EXERCISE DETAILS => Retype, exactly as they appear below, the lines between the line holding "Building Photo - 5919 Ruby Fls Dr" and the line holding "NIEUWBOUWAPPARTEMENT onder registratierechten", both ends included.

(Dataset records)

- - -

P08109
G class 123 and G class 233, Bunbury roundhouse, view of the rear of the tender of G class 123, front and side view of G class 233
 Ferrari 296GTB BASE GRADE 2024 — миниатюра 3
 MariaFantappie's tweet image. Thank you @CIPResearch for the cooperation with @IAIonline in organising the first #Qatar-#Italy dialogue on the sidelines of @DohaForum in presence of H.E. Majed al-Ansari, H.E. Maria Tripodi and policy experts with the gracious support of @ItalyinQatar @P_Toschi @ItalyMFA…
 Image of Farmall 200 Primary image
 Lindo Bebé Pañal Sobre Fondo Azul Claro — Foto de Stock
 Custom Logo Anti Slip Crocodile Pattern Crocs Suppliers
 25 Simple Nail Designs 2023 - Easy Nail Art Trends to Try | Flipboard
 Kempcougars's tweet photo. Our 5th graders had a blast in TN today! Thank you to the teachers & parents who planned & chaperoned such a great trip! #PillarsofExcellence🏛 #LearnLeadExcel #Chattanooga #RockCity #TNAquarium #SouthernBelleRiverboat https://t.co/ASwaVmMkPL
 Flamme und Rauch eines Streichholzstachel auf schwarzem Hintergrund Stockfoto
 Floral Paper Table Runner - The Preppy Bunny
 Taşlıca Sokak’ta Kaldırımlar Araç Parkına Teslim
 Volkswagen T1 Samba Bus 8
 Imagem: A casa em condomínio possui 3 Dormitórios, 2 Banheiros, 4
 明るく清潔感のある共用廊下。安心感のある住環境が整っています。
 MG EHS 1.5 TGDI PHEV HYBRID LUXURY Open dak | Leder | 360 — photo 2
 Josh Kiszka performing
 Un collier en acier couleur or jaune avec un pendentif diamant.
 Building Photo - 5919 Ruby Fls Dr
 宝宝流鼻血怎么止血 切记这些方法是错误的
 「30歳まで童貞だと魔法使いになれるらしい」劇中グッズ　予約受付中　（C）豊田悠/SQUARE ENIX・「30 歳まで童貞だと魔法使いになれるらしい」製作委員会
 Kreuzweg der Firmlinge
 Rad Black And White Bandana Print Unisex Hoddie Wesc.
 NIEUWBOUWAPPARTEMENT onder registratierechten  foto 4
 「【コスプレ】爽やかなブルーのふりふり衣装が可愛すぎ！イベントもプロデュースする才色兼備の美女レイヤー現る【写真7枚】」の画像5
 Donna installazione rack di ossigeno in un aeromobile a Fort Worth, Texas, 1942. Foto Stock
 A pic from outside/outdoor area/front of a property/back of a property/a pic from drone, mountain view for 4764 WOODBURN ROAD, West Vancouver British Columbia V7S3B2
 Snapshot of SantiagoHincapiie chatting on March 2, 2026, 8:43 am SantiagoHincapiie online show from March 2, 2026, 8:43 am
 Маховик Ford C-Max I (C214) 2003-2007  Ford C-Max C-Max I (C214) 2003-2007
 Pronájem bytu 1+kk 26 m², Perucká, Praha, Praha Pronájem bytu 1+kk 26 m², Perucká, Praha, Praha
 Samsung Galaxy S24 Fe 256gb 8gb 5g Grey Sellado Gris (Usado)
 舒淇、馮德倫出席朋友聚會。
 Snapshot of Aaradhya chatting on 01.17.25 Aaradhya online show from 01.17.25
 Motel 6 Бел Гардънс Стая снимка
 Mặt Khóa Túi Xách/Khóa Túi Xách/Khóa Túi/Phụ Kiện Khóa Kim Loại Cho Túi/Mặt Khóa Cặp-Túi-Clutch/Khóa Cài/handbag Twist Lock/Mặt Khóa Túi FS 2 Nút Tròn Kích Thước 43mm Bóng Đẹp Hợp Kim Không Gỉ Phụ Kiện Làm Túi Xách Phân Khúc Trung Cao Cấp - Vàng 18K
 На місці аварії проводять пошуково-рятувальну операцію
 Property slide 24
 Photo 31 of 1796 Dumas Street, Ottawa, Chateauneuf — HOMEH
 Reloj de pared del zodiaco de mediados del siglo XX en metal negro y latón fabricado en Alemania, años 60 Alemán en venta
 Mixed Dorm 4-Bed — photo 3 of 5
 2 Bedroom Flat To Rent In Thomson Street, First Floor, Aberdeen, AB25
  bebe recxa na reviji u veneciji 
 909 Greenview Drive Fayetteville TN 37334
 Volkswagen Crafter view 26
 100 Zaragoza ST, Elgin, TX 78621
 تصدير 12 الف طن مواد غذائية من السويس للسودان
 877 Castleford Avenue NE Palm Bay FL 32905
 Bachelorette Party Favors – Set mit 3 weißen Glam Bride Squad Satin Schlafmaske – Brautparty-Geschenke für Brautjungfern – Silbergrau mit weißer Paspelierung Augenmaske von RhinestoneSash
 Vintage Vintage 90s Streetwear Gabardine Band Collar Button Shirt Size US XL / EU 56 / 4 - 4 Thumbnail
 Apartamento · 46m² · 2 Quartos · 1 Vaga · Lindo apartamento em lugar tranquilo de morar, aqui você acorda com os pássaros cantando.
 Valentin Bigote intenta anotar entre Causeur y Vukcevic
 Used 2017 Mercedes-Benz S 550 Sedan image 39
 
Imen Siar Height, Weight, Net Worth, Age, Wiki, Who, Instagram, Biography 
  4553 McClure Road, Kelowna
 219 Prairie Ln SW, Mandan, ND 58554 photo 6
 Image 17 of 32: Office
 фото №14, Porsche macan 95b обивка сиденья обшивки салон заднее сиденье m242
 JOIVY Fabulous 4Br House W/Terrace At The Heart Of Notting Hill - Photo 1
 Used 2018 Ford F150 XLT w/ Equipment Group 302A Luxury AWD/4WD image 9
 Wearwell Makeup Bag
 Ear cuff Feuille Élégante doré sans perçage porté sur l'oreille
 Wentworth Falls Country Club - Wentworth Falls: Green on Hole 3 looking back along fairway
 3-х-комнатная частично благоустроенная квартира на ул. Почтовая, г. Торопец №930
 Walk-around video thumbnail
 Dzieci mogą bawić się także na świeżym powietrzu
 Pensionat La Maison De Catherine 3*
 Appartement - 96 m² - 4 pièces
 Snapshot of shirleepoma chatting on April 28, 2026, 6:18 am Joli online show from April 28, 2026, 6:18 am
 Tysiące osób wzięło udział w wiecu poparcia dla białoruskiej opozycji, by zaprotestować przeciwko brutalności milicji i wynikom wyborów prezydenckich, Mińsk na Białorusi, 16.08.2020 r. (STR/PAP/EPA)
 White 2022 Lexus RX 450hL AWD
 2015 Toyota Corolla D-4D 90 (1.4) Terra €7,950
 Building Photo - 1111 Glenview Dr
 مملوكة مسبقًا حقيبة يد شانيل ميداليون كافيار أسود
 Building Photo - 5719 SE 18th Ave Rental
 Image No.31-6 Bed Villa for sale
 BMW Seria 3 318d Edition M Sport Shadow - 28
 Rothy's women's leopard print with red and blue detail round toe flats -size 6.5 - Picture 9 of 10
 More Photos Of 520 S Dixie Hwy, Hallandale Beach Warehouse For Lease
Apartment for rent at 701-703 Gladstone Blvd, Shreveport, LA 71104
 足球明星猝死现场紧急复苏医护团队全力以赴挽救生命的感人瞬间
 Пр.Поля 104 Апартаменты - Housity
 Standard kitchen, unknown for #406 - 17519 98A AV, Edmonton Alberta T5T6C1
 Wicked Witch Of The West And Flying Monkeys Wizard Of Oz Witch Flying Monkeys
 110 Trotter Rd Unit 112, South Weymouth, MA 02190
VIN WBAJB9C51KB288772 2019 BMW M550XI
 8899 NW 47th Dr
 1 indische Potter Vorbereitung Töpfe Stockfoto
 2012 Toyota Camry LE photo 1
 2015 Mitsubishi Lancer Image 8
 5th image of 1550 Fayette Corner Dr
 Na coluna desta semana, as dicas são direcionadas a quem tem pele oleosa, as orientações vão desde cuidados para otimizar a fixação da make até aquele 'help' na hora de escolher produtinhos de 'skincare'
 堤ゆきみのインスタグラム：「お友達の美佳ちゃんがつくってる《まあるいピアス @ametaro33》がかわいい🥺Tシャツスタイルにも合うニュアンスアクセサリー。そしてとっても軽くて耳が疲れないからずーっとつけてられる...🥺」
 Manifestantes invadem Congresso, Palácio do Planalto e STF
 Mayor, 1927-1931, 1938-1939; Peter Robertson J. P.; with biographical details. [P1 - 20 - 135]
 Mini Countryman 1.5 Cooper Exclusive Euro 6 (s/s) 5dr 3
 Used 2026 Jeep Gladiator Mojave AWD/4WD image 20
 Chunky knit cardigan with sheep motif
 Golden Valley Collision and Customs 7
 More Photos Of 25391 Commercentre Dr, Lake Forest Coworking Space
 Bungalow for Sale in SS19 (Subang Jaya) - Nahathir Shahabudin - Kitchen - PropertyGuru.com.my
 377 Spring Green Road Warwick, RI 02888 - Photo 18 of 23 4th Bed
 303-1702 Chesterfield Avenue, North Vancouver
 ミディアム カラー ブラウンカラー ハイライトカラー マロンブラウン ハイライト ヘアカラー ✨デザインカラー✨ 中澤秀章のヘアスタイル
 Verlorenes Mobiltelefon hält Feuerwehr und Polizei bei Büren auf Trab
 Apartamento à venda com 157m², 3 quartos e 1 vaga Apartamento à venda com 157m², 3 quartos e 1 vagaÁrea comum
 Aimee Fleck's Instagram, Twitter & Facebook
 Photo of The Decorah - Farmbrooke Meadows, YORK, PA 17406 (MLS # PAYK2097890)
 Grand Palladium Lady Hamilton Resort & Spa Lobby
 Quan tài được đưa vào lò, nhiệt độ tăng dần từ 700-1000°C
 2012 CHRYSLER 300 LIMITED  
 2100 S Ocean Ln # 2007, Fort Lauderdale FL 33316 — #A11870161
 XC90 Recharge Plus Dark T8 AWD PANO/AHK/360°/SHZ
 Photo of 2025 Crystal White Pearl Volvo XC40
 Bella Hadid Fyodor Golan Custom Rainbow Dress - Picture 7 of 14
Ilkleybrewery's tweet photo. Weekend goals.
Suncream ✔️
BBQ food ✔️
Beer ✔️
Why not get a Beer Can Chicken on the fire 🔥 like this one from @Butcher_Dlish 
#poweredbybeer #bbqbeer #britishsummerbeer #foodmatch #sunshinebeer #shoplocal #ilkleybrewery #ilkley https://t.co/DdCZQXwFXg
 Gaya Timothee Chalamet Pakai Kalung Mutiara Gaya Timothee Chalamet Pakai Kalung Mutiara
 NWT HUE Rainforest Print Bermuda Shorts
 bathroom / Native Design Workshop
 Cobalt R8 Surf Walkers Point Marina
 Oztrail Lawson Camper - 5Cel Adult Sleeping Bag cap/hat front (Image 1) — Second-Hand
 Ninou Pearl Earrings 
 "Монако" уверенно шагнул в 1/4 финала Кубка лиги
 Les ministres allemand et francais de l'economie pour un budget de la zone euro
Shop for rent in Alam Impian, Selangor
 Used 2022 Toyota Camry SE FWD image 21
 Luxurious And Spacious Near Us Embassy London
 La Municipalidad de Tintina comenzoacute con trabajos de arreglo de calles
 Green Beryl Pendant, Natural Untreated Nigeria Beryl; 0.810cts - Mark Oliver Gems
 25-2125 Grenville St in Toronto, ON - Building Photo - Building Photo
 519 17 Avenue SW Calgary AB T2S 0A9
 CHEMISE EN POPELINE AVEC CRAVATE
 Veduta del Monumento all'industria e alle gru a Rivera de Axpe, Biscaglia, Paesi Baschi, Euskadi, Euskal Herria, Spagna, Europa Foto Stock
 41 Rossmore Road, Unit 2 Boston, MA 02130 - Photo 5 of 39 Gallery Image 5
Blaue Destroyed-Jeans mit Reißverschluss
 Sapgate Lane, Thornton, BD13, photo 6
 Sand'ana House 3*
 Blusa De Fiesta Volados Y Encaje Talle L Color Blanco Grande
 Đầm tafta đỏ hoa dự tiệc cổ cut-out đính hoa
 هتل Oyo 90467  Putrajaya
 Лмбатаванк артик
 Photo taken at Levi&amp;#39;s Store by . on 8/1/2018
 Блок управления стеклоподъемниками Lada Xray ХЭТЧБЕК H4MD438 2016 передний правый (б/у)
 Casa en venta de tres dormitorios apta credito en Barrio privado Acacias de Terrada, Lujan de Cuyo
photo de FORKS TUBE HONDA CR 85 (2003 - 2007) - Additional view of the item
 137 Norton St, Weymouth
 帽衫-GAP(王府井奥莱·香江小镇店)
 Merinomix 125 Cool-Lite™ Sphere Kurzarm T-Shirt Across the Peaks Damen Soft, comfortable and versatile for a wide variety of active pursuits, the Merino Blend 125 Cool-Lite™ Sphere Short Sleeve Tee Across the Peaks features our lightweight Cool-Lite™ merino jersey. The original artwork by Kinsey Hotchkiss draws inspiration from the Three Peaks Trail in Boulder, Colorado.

- - -

WORKED SOLUTION =>
 Building Photo - 5919 Ruby Fls Dr
 宝宝流鼻血怎么止血 切记这些方法是错误的
 「30歳まで童貞だと魔法使いになれるらしい」劇中グッズ　予約受付中　（C）豊田悠/SQUARE ENIX・「30 歳まで童貞だと魔法使いになれるらしい」製作委員会
 Kreuzweg der Firmlinge
 Rad Black And White Bandana Print Unisex Hoddie Wesc.
 NIEUWBOUWAPPARTEMENT onder registratierechten  foto 4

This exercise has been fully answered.